Metal Architecture Home

Industry News

AISI publishes three new cold-formed steel framing research reports

The American Iron and Steel Institute (AISI) has published three new cold-formed steel framing research reports: 1) "RP15-3: Advancing Seismic Simulation of Cold-Formed Steel Framed Buildings," 2) "RP17-1: Experimental Study on System Reliability of Cold-Formed Steel Roof Trusses," and 3) "RP17-2: Monotonic and Cyclic Response of Single Shear Cold-Formed Steel-to-Steel and Sheathing-to-Steel Connections." All of the research reports are available for free download here.

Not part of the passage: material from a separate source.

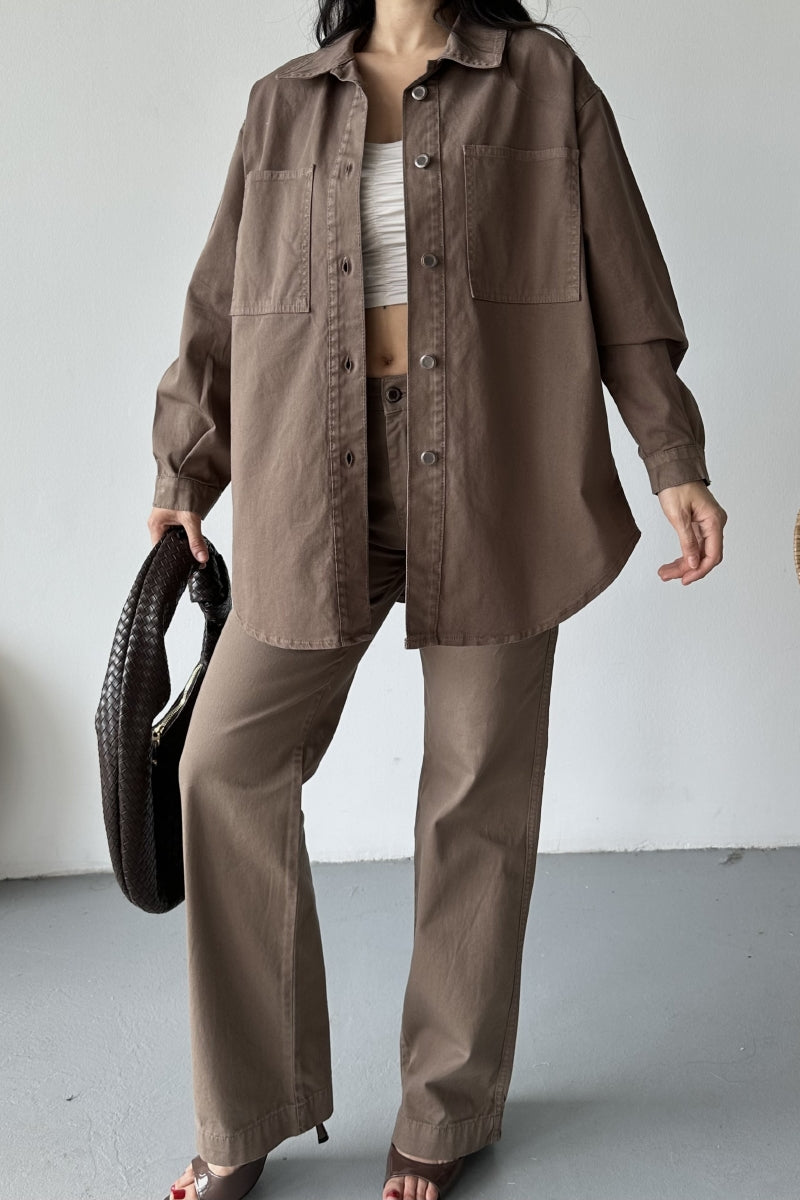 Düğmeli Oversize Kot Gömlek Toprak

Each research project was undertaken to increase knowledge of the behavior of cold-formed steel in order to advance design efficiency and ensure safety. The reports cover the following topics:

  • "RP15-3: Advancing Seismic Simulation of Cold-Formed Steel Framed Buildings" - This report advances performance-based seismic design of cold-formed steel framed buildings by introducing computationally efficient and accurate modeling tools that predict the behavior of the building, the individual cold-formed steel components, and connections in a seismic event. The research was conducted at Virginia Tech.
  • "RP17-1: Experimental Study on System Reliability of Cold-Formed Steel Roof Trusses" - This experimental study of cold-formed steel roof trusses is part of a project funded by the National Science Foundation, "Advancing System Reliability With Application to Light-Framed Structures." Test data are provided for examining cold-formed steel structural reliability in roof trusses as a system versus individual components. The research was conducted at the University of North Texas.
  • "RP17-2: Monotonic and Cyclic Response of Single Shear Cold-Formed Steel-to-Steel and Sheathing-to-Steel Connections" - This research project resulted in the development of load-deformation response models to simulate the performance of screw fasteners in a seismic event. Since screw fasteners are the primary connectors in light steel framing, this research provides designers with more accurate performance-based data for conducting whole building seismic analysis. The research was conducted at Virginia Tech.